Interpretation Latency degradation is caused by:

  1. Resource Contention: Compaction threads competing with foreground reads for disk I/O.
  2. Cold Data Access: The active working set exceeds resident memory, forcing frequent OS page cache misses (synchronous disk reads).

Operational Decision

  • Trigger FODC
  • Suggest reducing compaction concurrency
  • If compaction is idle but latency remains high, consider scaling up memory (Capacity Planning).

Discriminator This pattern is characterized by elevated read/pread syscall latency without the explicit eviction signals of W3 (fadvise) or the system-wide pressure of W5 (reclaim). It indicates that the system is physically bound by I/O limits due to contention or capacity cache misses.

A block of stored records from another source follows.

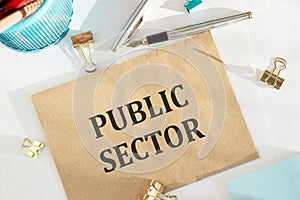 Public Sector text written on a craft envelope with office tools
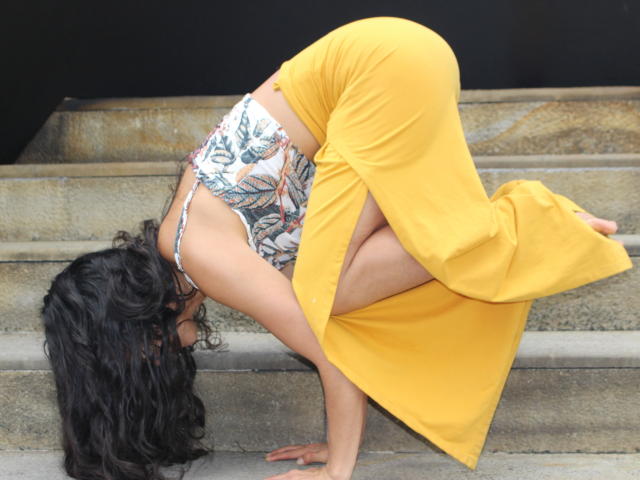 LucyySky is bending over with her ass up, wearing a floral top and yellow skirt, exposing her pussy and her black curly hair is in her face.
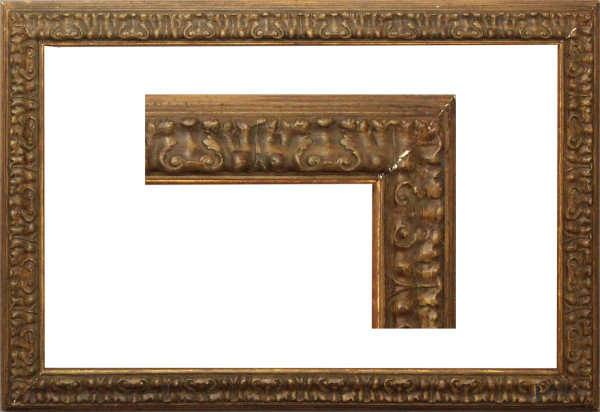 Cornice del XIX secolo in legno e pastiglia, dorata a mecca, misure specchio 67,5x102,5 cm, ingombro 82,5x117cm.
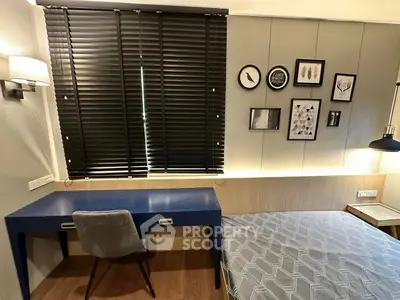 Modern bedroom with stylish decor and workspace, featuring a sleek desk and comfortable chair.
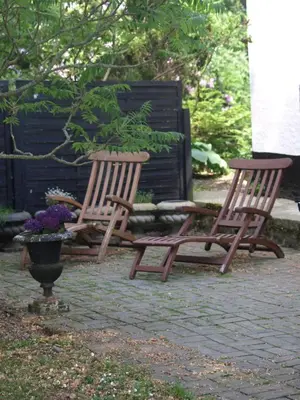 two wooden chairs sitting on a patio with flowers at Skibstedgaard in Hurup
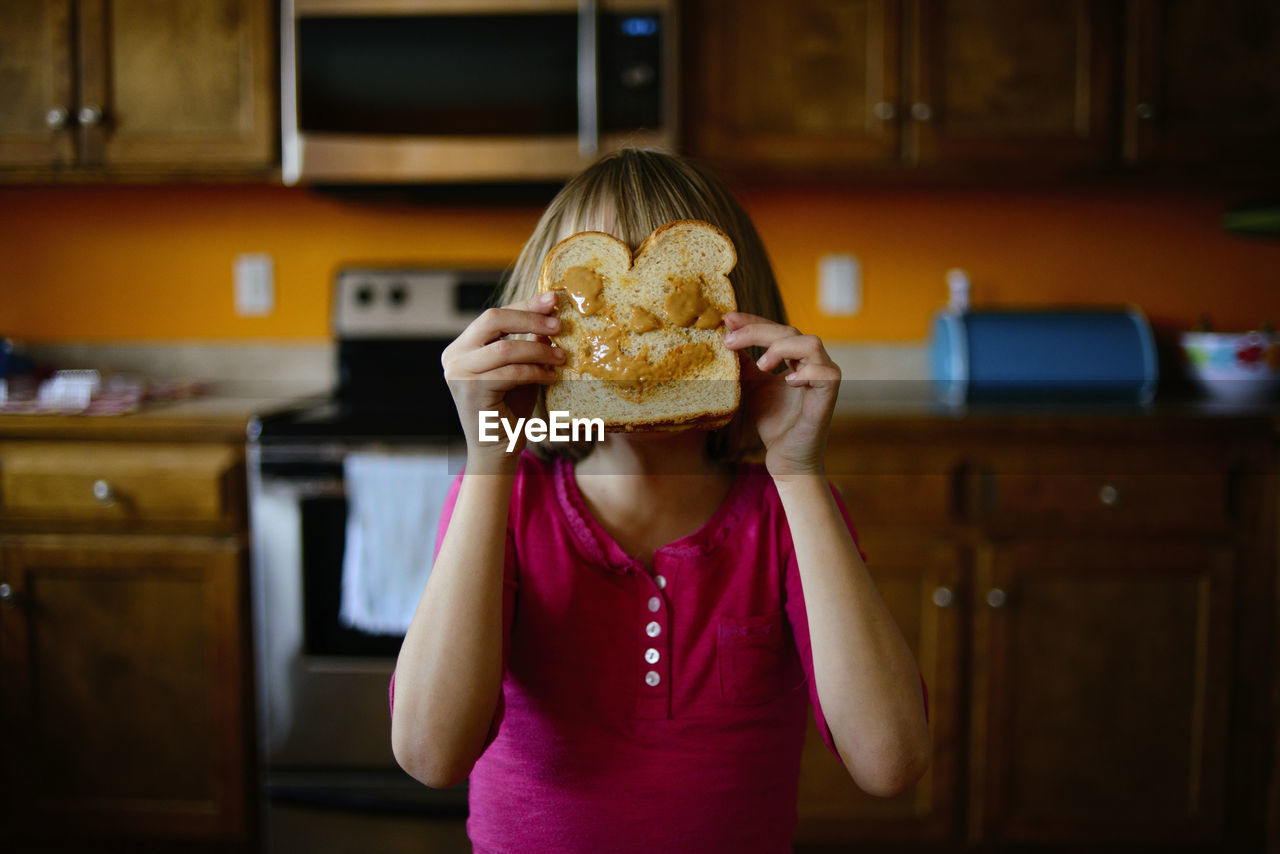 Girl holding bread against her face in kitchen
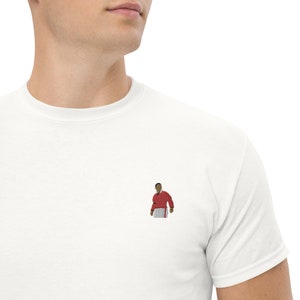 Puede incluir: Camiseta blanca con una pequeña imagen bordada de una persona que lleva una camisa roja y un pantalón blanco.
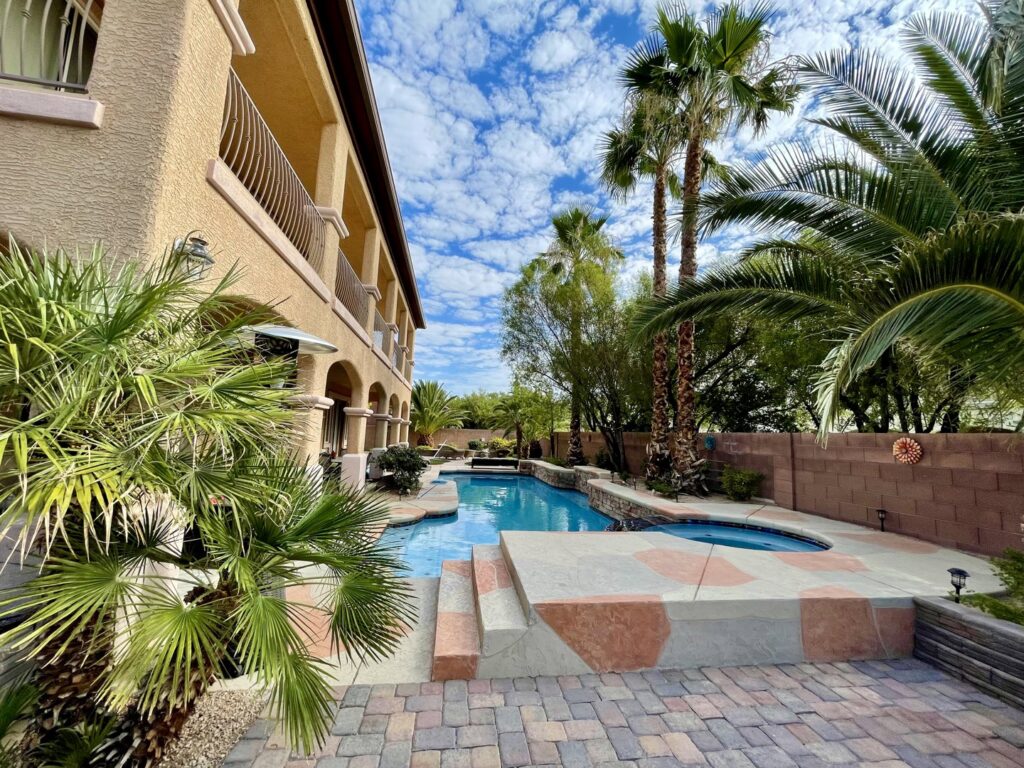 A clean swimming pool with a skimmer net and chemical bottle on the deck, after service by Priority Pools LV in Las Vegas, NV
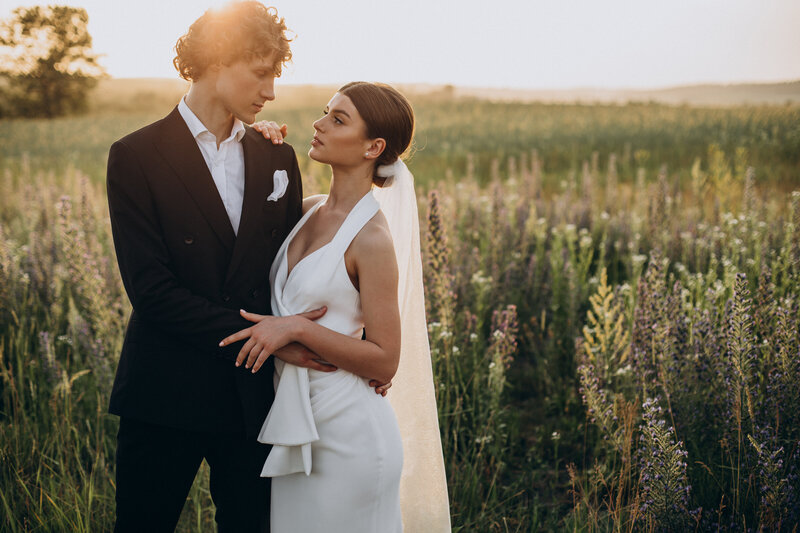young-wedding-couple-together-field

Workload 5 — OS Memory Pressure–Driven Cache Drop

Typical Signals

  • direct_reclaim ↑
  • lru_shrink ↑
  • read/pread syscall latency ↑
  • fadvise may be absent

Interpretation Cache eviction is driven by OS memory pressure rather than DB policy. Foreground reads stall due to synchronous reclaim.

Operational Decision

  • Trigger FODC
  • Recommend adjusting memory limits or reducing background memory usage

5. Excluded Signals and Rationale

5.1 Page Fault Metrics

BanyanDB primarily uses read() with page cache access rather than mmap-based I/O. Major and minor page faults do not reliably represent read-path stalls and are therefore excluded from impact detection.

5.2 Block Layer Latency

Block-layer completion context does not reliably map to BanyanDB threads in containerized environments. Syscall-level latency already captures user-visible impact and is used as the primary signal.

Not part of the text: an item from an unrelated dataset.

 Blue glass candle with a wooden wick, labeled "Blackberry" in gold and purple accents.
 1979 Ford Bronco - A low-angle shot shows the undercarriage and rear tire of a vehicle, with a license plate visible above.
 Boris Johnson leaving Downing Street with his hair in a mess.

Block-layer metrics may be added later as an optional enhancement.


6. Summary

KTM identifies read-path incidents by:

  1. Gating on syscall-level read/pread latency histograms
  2. Explaining impact using:
    • eviction policy actions (fadvise)
    • page cache behavior
    • memory pressure signals

This separation ensures:

  • Low false positives
  • Clear causality
  • Actionable and explainable self-healing decisions

7. Decision Flow Overview

graph TD
    Start([Start: Metric Analysis]) --> CheckLat{Read/Pread Syscall\nLatency Increased?}

    %% Primary Gating Rule
    CheckLat -- No --> Benign[Benign State\nNo User Impact]
    CheckLat -- Yes --> Incident[Incident Detected\nTrigger FODC]

    %% Benign Analysis
    Benign --> CheckPressure{Pressure Signals\nPresent?}
    CheckPressure -- Yes --> W2[W2: Stable State]
    CheckPressure -- No --> W1[W1: Background Scan/Compaction]

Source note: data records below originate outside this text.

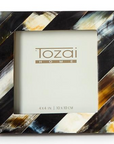 The Black Horn Photo Frame by Two's Company is a square, handcrafted frame with diagonal black, white, brown, and golden-yellow stripes. It features a luxury 4 x 4 inch (10 x 10 cm) display for your photos.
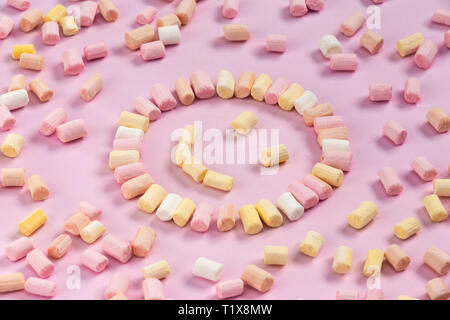 Top view of the multi-colored marshmallows which lies in the shape of a smiley or sun on a one-color pink background. Stock Photo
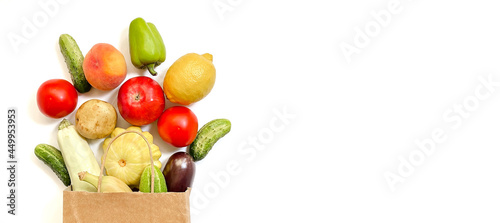 Fototapeta Naklejka Na Ścianę i Meble -  A paper shopping bag from which vegetables and fruits fall out, namely tomato, cucumber, squash, pepper, lemon, eggplant, zucchini, banana, apple, peach on white background.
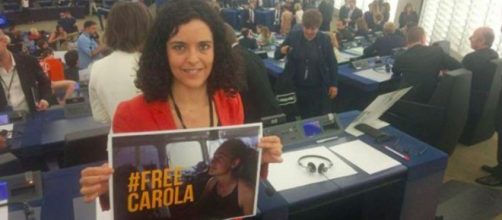 Una parlamentare con un cartello per Carola Rackete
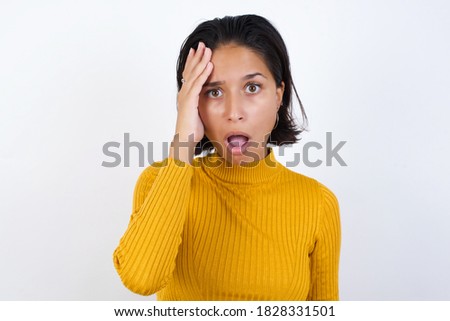 Embarrassed Young woman with short hair wearing casual yellow sweater isolated over white background, with shocked expression, expresses great amazement, Puzzled man poses indoor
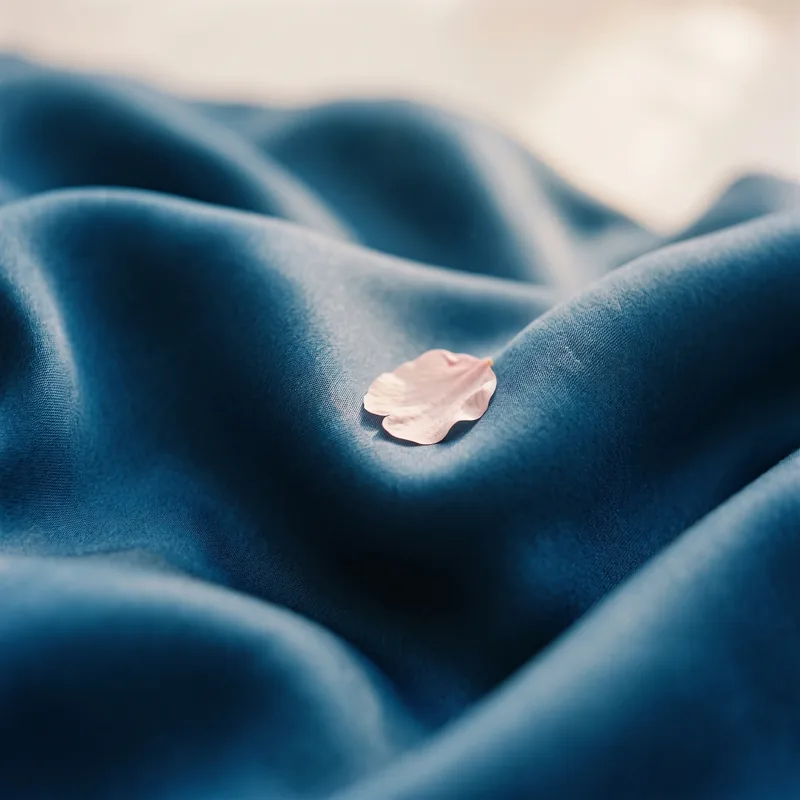 Deep blue silk fabric with a cherry blossom petal resting on it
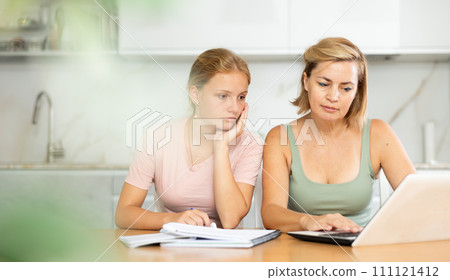 Mother assisting teenage daughter doing school assignment at home Mother assisting teenage daughter doing school assignment at home 111121412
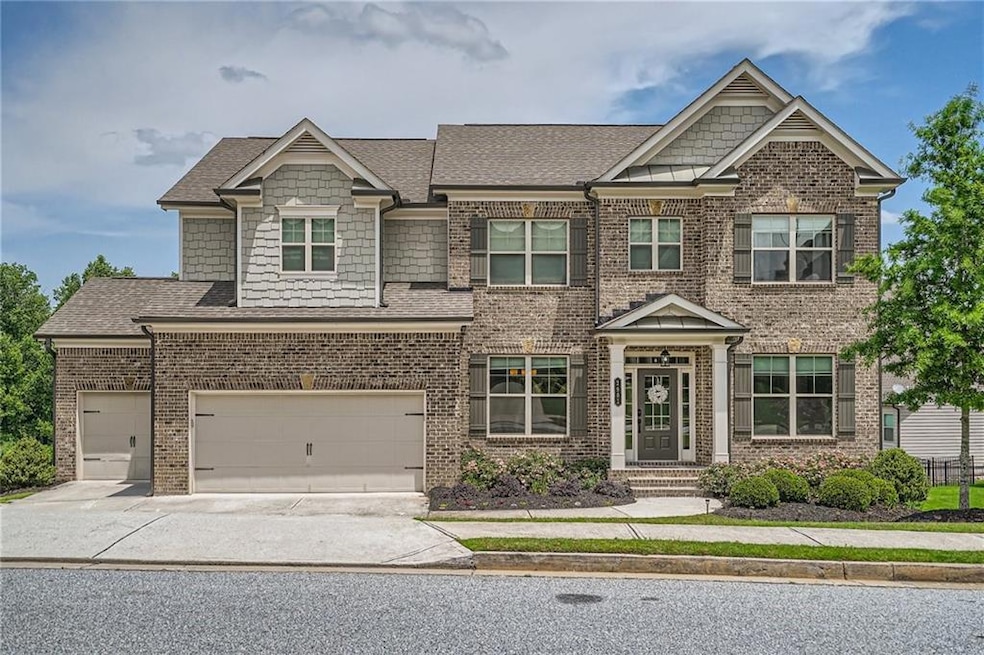 Craftsman-style house with a 3 car garage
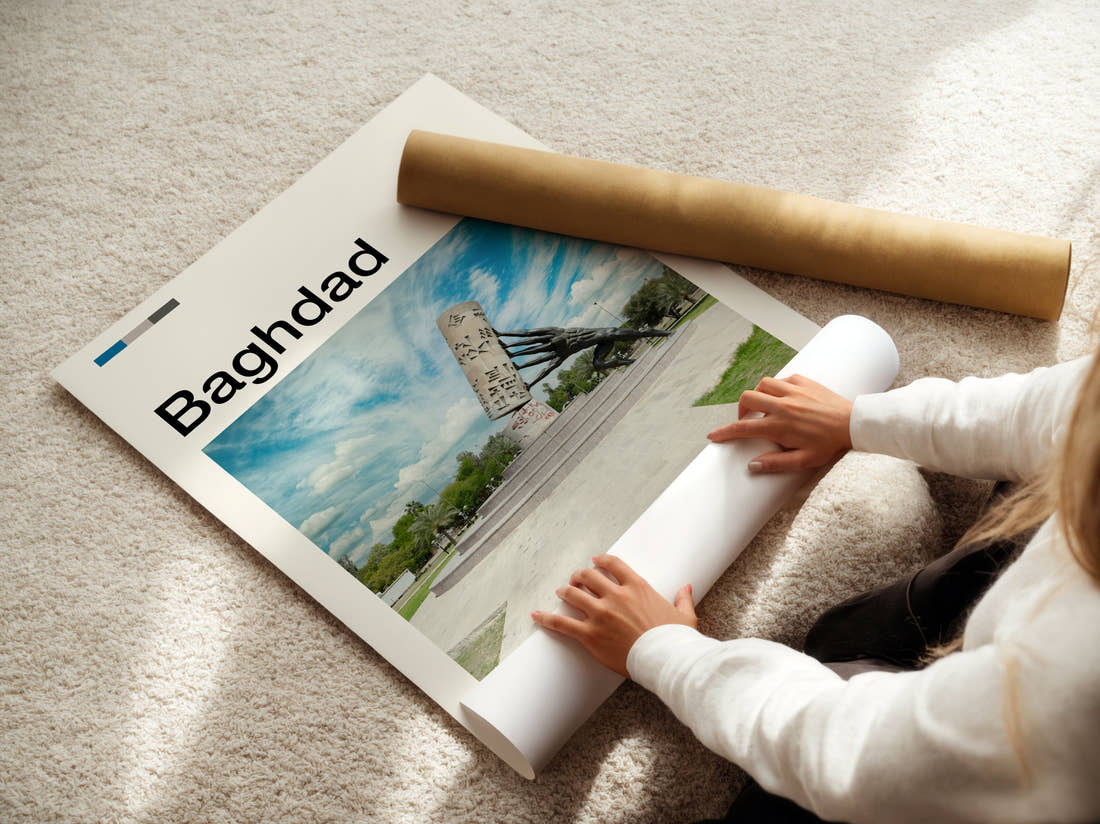 Baghdad Saving Iraqi Culture Monument Travel Print being unrolled from its postal tube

    %% Incident Analysis (Root Cause)
    Incident --> CheckFadvise{High fadvise\ncalls?}
    
    %% Branch: Policy
    CheckFadvise -- Yes --> W3[W3: Policy-Driven Eviction\nAssociated with aggressive DONTNEED (policy signal)]
    
    %% Branch: Kernel/OS
    CheckFadvise -- No --> CheckReclaim{Direct Reclaim / \nLRU Shrink?}
    
    %% Branch: Pressure
    CheckReclaim -- Yes --> W5[W5: OS Memory Pressure\nCause: Sync Reclaim]
    
    %% Branch: Contention
    CheckReclaim -- No --> W4[W4: I/O Contention / Cold Read\nCause: Compaction or Working Set > RAM]

    %% Styling
    style CheckLat fill:#f9f,stroke:#333,stroke-width:2px
    style Incident fill:#f00,stroke:#333,stroke-width:2px,color:#fff
    style Benign fill:#9f9,stroke:#333,stroke-width:2px

8. Operational Prerequisites and Observability

  • BTF availability and bpffs mounted are expected for fentry/fexit and map pinning where used.
  • Kernel versions must support the chosen tracepoints/fentry paths; kprobe fallbacks apply otherwise.
  • On failure to load/attach, KTM logs an error and disables itself (see Failure Modes in the design document).